En cette année 2026, le souvenir de la mort de Clément, né en 1994, il avait 19 ans, par agression de fascistes, ne saurait être réservé aux seul·e·s jeunes antifascistes, ou à celles et ceux qui avaient entre 18 à 28 ans en 2013 ! Quoiqu’on puisse penser des pratiques de certain·e·s jeunes antifascistes – avec quelques fois une tendance un peu viriliste à « aller au contact – il importe d’être solidaire. 

Il y a trop de « je suis ailleurs » face aux nationaux-identitaires xénophobes, racistes, sexistes et classistes. Un cran au-dessus, au moment présent, on entend même trop de « Plutôt le RN que LFI », en écho bégayant à « Plutôt Hitler que le Front Populaire », il y a de cela quatre-vingt-dix ans. 

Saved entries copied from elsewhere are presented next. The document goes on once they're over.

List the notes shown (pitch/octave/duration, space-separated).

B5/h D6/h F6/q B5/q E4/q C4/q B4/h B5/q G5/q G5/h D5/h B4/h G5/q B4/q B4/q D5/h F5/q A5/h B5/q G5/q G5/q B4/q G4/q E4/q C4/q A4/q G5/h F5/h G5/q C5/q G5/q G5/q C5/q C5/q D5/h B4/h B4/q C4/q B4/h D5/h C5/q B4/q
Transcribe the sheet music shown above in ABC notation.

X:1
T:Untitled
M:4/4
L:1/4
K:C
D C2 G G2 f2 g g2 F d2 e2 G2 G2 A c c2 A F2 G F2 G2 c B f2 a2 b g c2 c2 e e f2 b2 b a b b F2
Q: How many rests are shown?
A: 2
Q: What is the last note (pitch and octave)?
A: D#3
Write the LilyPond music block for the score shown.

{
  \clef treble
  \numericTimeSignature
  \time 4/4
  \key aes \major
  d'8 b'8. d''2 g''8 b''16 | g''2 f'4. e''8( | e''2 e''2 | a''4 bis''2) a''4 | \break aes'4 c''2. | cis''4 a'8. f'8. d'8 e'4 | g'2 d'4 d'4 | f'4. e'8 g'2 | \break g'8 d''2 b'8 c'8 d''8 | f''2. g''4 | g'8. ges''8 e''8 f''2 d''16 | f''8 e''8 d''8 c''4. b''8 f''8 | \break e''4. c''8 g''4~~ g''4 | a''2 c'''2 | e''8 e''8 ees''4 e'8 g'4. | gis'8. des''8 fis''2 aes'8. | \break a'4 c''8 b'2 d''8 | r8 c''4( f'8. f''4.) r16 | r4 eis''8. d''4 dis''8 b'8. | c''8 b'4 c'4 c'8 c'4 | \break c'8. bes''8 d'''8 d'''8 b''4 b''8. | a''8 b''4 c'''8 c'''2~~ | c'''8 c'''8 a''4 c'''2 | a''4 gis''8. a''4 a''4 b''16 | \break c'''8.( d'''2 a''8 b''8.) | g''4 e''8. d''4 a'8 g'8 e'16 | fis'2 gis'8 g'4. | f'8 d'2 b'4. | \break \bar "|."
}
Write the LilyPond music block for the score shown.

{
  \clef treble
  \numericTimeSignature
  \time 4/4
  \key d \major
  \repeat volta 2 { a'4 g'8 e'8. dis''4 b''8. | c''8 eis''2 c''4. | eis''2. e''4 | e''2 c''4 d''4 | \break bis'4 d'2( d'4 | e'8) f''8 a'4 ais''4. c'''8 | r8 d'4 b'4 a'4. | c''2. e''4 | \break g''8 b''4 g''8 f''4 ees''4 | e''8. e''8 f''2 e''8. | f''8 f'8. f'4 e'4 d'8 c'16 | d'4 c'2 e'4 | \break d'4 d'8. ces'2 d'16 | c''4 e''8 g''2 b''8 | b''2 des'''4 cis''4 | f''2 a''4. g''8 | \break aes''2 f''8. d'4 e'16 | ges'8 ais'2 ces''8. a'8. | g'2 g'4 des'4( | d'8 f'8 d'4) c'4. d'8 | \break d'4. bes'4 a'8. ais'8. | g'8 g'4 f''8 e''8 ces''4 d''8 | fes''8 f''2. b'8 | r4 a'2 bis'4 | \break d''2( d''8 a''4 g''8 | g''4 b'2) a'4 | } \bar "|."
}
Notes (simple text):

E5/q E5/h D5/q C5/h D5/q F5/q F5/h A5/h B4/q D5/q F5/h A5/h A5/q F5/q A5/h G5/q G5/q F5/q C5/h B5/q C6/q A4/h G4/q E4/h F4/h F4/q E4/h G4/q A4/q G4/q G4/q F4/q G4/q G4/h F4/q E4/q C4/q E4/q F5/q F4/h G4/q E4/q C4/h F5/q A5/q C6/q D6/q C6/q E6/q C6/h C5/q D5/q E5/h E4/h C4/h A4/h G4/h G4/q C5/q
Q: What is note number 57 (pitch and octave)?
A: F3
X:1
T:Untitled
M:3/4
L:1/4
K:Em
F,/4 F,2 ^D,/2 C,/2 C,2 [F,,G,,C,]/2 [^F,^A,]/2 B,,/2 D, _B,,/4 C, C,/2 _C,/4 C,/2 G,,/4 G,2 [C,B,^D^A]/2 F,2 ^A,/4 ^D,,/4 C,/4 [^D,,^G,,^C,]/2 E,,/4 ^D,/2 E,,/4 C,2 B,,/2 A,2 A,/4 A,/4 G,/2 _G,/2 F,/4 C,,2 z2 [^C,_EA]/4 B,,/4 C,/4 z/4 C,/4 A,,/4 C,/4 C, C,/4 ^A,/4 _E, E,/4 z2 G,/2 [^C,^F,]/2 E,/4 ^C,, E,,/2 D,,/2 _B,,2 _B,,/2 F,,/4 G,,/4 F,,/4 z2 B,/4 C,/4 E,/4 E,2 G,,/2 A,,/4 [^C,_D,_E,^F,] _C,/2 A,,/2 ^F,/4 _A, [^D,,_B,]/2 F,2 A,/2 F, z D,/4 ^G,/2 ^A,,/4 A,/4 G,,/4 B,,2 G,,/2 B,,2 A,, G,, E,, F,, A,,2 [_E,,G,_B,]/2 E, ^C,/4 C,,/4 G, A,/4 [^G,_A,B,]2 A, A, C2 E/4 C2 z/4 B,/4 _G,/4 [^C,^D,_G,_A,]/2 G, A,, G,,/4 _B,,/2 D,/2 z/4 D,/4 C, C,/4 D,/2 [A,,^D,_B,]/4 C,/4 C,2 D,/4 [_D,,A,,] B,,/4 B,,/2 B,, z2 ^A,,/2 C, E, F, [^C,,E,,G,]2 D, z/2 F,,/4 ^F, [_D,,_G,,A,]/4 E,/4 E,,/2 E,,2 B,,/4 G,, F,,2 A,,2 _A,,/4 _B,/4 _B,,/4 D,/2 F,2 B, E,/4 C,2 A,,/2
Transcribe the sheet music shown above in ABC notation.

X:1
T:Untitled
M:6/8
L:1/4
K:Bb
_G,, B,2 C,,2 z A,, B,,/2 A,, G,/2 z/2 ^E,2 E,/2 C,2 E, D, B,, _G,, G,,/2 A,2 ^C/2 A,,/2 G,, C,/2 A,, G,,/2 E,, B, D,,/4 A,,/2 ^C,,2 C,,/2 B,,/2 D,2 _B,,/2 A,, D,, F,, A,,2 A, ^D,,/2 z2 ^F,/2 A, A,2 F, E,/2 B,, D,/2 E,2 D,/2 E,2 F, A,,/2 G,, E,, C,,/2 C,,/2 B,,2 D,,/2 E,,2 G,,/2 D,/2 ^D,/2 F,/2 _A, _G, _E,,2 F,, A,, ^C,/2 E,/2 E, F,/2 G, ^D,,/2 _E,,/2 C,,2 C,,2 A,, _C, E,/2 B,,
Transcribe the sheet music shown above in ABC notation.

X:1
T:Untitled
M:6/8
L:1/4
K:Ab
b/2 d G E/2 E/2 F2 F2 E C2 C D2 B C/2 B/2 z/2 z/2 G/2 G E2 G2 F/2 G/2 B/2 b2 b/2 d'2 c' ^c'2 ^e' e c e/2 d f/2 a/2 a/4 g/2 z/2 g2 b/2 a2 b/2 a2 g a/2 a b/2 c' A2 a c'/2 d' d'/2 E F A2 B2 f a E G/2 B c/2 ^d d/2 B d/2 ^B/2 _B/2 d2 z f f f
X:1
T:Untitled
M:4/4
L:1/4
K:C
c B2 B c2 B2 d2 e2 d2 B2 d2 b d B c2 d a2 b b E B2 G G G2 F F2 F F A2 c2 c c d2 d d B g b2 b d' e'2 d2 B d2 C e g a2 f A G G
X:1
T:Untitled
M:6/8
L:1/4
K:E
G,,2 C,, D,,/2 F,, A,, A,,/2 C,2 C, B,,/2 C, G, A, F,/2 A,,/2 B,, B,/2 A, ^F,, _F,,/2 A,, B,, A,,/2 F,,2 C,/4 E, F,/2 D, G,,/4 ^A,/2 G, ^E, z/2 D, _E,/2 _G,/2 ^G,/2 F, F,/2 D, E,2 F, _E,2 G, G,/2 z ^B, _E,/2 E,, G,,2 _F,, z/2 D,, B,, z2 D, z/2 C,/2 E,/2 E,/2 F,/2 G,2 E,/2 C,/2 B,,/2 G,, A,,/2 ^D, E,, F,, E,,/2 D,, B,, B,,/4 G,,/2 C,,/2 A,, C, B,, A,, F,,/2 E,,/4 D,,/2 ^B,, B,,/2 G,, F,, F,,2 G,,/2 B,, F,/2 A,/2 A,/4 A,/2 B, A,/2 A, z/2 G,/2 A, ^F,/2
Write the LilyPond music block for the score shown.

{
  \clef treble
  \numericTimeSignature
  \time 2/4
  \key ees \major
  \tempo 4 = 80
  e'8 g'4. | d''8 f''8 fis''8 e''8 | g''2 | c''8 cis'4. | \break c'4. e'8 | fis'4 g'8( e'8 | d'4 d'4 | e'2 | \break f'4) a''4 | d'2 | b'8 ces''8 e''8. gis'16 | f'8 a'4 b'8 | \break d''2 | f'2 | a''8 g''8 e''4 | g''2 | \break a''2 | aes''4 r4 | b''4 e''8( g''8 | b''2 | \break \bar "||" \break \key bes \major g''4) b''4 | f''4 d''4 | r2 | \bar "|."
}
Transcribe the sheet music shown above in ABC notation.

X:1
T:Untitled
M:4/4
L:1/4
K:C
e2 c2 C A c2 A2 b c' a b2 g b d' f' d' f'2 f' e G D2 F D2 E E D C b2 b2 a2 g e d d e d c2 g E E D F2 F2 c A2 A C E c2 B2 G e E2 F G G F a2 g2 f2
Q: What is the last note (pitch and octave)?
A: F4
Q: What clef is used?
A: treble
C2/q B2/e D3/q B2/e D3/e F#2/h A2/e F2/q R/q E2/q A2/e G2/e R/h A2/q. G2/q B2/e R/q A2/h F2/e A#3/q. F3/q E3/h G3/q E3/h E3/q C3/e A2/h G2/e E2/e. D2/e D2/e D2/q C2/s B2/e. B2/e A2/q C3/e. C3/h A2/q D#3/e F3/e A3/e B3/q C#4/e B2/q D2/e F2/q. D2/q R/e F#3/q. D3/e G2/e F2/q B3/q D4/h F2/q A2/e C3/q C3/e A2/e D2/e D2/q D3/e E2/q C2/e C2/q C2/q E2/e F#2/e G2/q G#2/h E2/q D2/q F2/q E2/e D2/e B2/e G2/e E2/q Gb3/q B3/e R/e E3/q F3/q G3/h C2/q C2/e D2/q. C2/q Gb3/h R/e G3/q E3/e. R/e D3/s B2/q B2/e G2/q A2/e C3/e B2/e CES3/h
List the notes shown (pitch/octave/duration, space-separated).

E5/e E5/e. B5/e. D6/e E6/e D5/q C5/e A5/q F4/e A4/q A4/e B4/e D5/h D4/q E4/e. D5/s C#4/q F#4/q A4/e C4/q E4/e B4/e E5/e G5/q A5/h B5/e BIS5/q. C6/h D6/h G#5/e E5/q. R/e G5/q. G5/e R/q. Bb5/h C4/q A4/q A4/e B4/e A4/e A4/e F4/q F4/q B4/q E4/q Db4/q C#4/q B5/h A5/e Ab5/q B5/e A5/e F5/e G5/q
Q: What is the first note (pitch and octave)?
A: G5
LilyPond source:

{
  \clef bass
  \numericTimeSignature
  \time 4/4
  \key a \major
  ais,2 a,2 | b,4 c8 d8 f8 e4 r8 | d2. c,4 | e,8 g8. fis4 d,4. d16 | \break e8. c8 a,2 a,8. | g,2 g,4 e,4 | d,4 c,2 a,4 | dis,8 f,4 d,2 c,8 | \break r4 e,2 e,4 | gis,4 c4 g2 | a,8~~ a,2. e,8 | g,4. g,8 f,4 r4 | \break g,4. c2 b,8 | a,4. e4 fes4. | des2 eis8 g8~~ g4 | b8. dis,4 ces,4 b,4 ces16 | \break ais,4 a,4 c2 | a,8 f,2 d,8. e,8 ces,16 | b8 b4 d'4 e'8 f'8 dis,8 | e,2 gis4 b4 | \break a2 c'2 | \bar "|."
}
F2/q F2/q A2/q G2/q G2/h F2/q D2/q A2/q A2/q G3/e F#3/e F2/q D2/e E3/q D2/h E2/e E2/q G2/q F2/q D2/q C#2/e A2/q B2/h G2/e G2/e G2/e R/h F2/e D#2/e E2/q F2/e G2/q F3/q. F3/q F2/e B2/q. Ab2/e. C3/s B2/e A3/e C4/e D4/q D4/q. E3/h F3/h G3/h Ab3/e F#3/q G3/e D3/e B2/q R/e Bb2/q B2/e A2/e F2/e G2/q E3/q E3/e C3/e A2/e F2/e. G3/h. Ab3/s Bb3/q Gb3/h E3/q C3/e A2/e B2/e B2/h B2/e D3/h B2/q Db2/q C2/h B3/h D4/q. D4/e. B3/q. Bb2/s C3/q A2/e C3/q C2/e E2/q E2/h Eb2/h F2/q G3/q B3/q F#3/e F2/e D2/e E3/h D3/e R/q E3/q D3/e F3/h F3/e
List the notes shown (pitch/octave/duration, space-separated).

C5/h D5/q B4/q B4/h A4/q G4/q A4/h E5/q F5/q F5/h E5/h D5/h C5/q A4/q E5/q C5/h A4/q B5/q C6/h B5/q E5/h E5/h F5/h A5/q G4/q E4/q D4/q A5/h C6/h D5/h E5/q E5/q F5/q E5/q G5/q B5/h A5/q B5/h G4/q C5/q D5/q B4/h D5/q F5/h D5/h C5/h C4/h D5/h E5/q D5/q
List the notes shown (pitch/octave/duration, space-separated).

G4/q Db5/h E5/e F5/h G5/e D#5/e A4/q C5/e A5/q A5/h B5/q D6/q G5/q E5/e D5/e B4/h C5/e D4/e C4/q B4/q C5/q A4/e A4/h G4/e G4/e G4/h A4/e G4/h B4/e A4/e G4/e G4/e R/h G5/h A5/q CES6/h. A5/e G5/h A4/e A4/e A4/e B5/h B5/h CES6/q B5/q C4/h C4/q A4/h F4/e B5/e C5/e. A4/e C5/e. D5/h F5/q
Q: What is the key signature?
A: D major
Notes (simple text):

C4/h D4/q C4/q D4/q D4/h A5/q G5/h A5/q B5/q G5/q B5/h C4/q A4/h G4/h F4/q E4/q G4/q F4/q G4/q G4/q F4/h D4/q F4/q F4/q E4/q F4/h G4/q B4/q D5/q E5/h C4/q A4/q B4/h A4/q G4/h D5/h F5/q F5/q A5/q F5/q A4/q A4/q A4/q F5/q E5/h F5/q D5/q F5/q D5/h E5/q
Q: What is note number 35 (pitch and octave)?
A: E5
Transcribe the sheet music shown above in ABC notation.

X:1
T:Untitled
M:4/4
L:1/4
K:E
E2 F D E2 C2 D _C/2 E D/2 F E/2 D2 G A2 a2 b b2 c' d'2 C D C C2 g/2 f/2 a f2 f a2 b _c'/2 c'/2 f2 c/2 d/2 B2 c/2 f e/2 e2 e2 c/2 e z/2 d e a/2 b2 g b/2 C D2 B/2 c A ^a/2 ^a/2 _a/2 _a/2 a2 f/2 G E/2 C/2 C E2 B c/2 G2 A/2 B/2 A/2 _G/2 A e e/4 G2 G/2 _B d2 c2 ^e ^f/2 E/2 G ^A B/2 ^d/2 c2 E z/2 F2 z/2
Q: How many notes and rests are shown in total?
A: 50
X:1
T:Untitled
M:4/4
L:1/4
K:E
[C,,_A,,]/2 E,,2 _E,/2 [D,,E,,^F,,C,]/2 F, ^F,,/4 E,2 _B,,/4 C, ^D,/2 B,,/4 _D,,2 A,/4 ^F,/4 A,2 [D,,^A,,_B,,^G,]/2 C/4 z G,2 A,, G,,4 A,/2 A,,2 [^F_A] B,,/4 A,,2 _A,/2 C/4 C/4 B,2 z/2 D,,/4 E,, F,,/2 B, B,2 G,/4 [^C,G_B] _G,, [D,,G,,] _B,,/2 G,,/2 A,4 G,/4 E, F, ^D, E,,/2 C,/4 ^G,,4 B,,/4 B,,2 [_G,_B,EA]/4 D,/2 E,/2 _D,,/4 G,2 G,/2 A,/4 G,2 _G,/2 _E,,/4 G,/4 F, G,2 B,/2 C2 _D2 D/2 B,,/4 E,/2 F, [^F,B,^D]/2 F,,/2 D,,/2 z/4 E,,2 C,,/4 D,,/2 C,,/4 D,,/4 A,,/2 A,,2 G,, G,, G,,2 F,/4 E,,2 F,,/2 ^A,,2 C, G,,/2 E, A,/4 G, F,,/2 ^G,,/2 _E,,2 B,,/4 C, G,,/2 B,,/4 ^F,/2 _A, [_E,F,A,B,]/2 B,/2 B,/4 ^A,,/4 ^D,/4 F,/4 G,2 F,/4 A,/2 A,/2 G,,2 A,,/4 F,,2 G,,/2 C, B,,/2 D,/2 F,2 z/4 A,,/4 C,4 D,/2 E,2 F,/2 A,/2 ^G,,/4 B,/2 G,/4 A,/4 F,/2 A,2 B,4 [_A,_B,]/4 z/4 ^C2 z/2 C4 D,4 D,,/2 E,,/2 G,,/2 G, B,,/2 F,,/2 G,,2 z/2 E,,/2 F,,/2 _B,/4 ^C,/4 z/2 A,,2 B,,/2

Les protagonistes de la rixe fatale à Clément Méric appartenaient à des groupes opposés politiquement, d’extrême gauche, certains proches des Redskins, et d’extrême droite, proches des Skinheads néonazis. 

De ces appartenances que les médias et certains politiques ont vite fait de stéréotyper et de réduire à une égalité, il s’agit bien d’y voir deux idéologies opposées. 

Les violents d’extrême droite ont des ennemis : les arabes, les noir·e·s, tous·tes celles et ceux que les racistes prennent pour cible sans exception ; les genres qui ne leur plaisent pas ; les droits-de-l’hommistes comme ils disent… et ils les attaquent, voire les tuent quand l’occasion se présente . 

Les antifascistes sont tout le contraire. Ils ont des ami·e·s, précisément celles et ceux que les fascistes détestent et attaquent ; ils ne les agressent pas, ils les défendent. Justement ce qu’était Clément : syndicaliste étudiant, antiraciste, antisexiste, pro égalité hommes-femmes et anti-homophobie, anti-spéciste. Il portait des valeurs de gauche qui nous font honneur. Grandement honneur !

Exigeons le 5 juin une minute de silence en sa mémoire.